Durante siglos, nos enseñaron que venimos al mundo a reproducirnos; y que las mujeres teníamos como único propósito ser madres. Nos acostumbramos a romantizar la maternidad, a pintarla de rosa pastel y a fingir. Estaba mal quejarse, cansarse y obstinarse, porque estos síntomas son una traducción directa de que la maternidad no es suficiente para hacerte feliz.
¿Qué pasa si necesitábamos más que ser madres para estar completas? Nos adaptamos a guardar tantas cosas para nosotras mismas, que fuimos perdiendo el sentido de lo que realmente nos hace felices.
La famosa diatriba de que “esa o aquella es más mujer que madre” siempre me causó confusión. ¿Dónde terminaba la mujer y dónde comenzaba la madre? ¿Acaso se dejaba de ser mujer al parir? ¿O solo las mujeres que logran convertirse en madres pueden tener el honor de llamarse mujeres? ¿Qué son las demás?
En la lucha eterna entre la mujer y la madre, casi siempre la mujer cede y depone sus armas ante su rol de dar. De cuidar primero a sus hijos, después a sus padres y siempre a la pareja. ¿Y quién cuida a esa mujer que se quedó vacía por ser madre, hija y esposa? ¿Quién le recuerda que es más que un par de brazos que sostienen y alimentan? A menudo son otras mujeres las que vienen a recordárselo; mujeres que ya padecieron la mutilación de su ser y regresaron para contar su historia. Mujeres fuertes.
Esa noche me di cuenta de que una de estas mujeres había nacido en mí, y el dolor en mi pecho era el recordatorio de que existía; de que era más que la mamá de alguien. Era una mujer que había entregado, amado y que había perdido. Una mujer que decidió un día no llorar más y no volver a amar. Que comprendió que el tiempo es el mejor aliado de un corazón roto y que no había curita más efectivo que el amor que nos podemos dar a nosotras mismas. De esa mujer brotaron girasoles, cuando de otro pecho solo hubiesen nacido semillas de rencor. Ella nació de las entrañas de la madre de mi hija y no le quedó más remedio que parirse a sí misma.

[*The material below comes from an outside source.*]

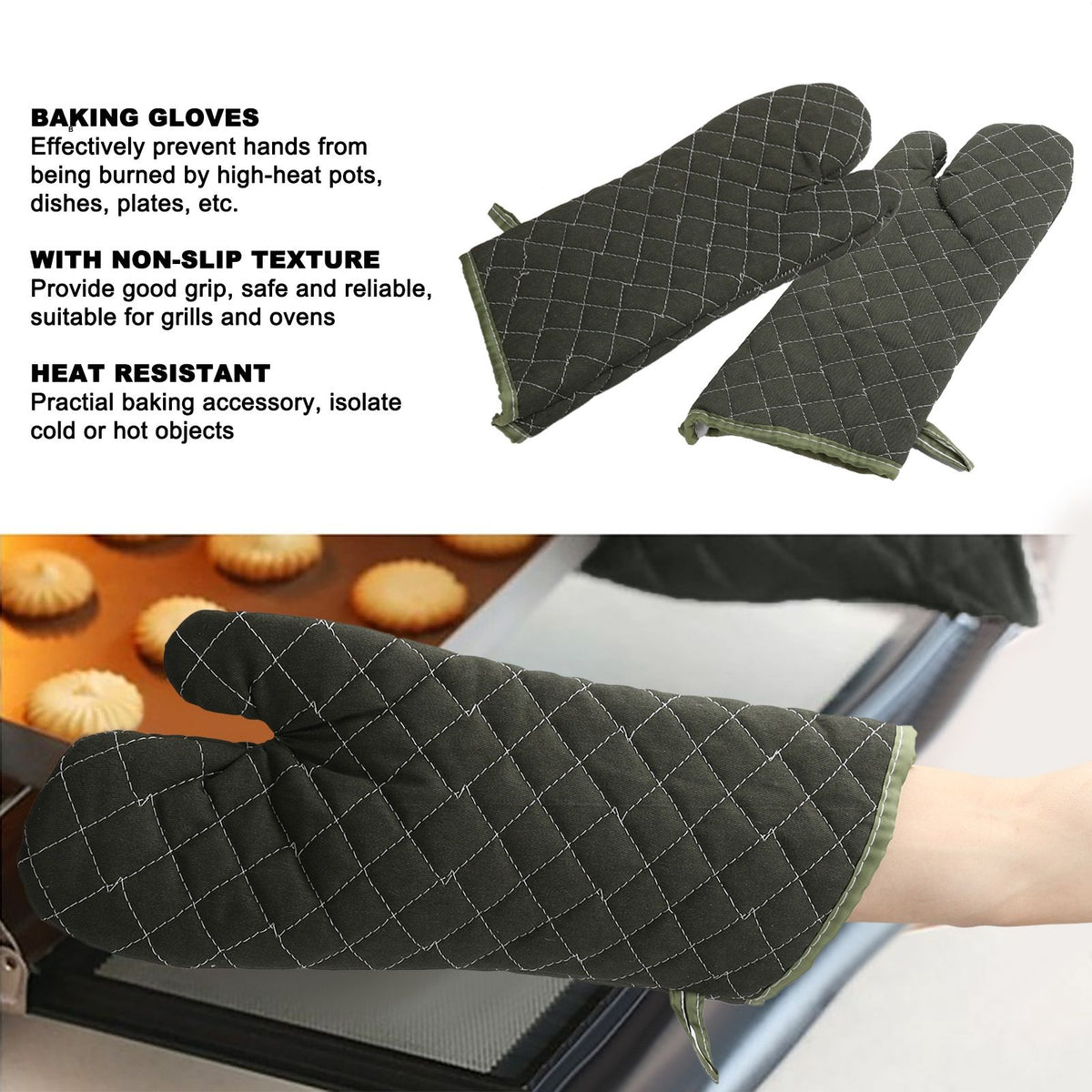 Baking Gloves Green Cotton Thick Heat Resistant Gloves for Electric Oven Kitchen Accessory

Entonces, ¿dónde terminaba la Isabel mujer y dónde empezaba la Isabel madre? Éramos la misma. Yo era una mujer que amaba, que se maquillaba y que sentía; una mujer que hacía el amor sin culpa. Que adoraba a su hija por encima de todo y que será su madre para toda la vida. Esa noche comprendí que, sin separar la mujer de la madre, las había hecho más fuertes a las dos.